The Western Cape has confirmed that it is facing an outbreak of African Swine Fever (ASF).
This comes after two farms in Mfuleni, North of Khayelitsha tested samples from dead pigs which later came back positive for ASF.
“Approximately 5% of pigs had died on each of the two properties and the disease has the potential to kill all pigs on a farm. A ban has been placed on the sale and movement of live pigs from Mfuleni, to limit the spread of the disease,” said the Western Cape Agriculture Department in a statement.
The disease is spread by pigs coming into contact with infected wild or domestic pigs and contaminated people, food, objects and waste.
It can also be transmitted through being bitten by infected soft ticks. However, the department has confirmed that African Swine Fever does not affect humans and pork can still be consumed.

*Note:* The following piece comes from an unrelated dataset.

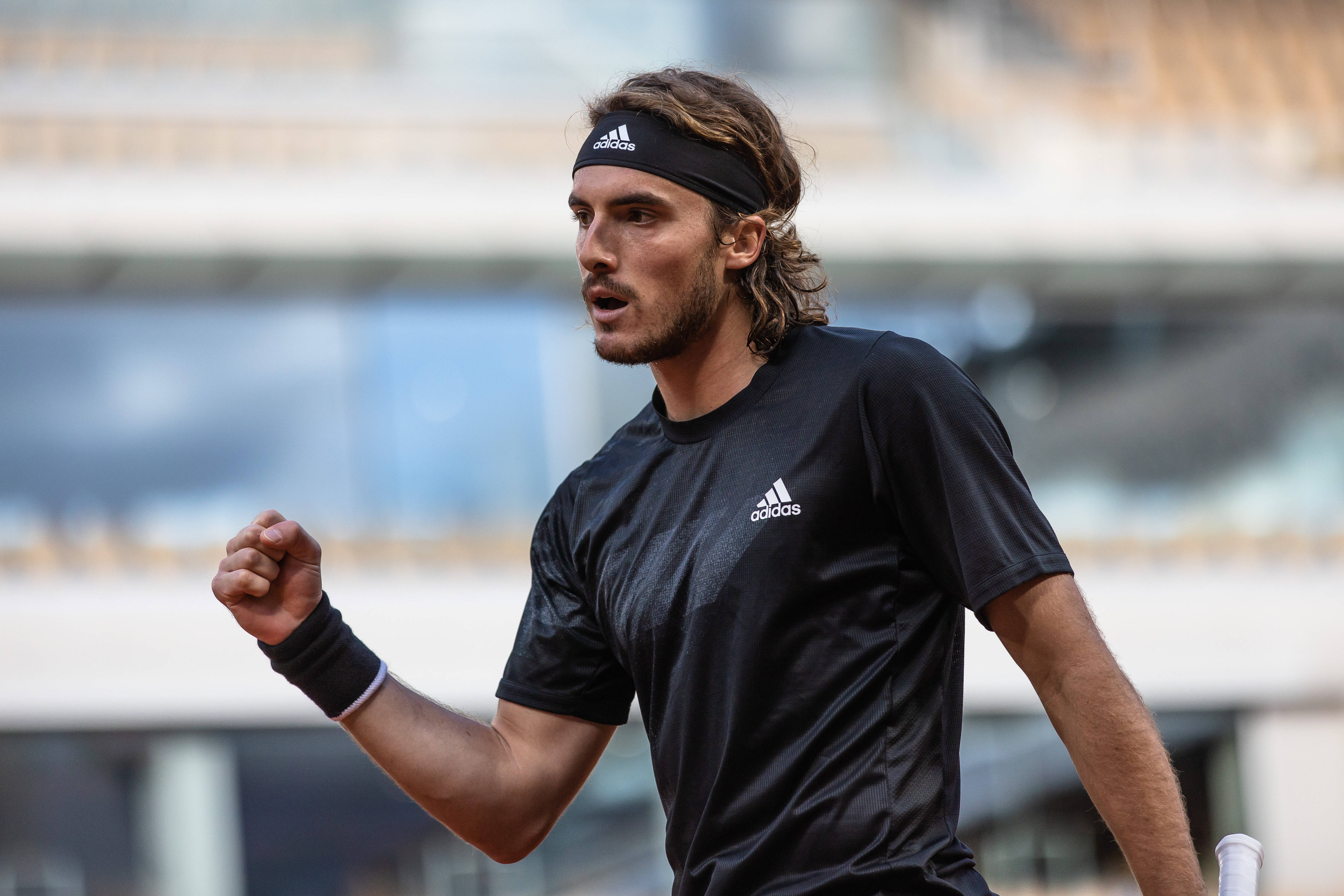 关于美国网球队绝地反击世界网球队，西西帕斯绝境逆转的信息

“Farmers should ensure that, if any swill is fed to pigs, it must be pre-cooked for at least an hour. This will ensure the inactivation of the ASF virus, as well as other diseases of concern.”
The Western Cape Veterinary Services has launched a survey to determine how far the disease has spread in Mfuleni and surrounding areas.
Samples will be collected from dead pigs on farms suspected of having ASF.
“The origin of the outbreak is still unknown but the clues may be provided by the study of the specific virus detected and by information provided by affected farmers.”
The Department of Agriculture, Land Reform and Rural Development (DALRRD) and the Western Cape Agriculture Department have asked farmers to stay on high alert.
Farmers will have to report sudden illnesses and pig deaths to their local State Veterinary office in order for attempts to be made to slow down the spread of the disease.
The Western Cape is not the first province to experience an outbreak, as 7 other provinces have been experiencing outbreaks since 2019.
“In 2021 thus far, there have been numerous outbreaks in Gauteng reported in the Randfontein, Tembisa and Midvaal areas. The latest outbreak in the Free State was reported in January 2021, where contact with warthog is suspected to have played a role.
“In North West, the latest ASF outbreak was reported in the Potchefstroom area in February 2021, after a smallholder experienced high pig mortalities. Investigations into the source and spread of this outbreak have been initiated. Within the ASF controlled area, a single outbreak was also reported in the Thabazimbi area of Limpopo in February 2021.”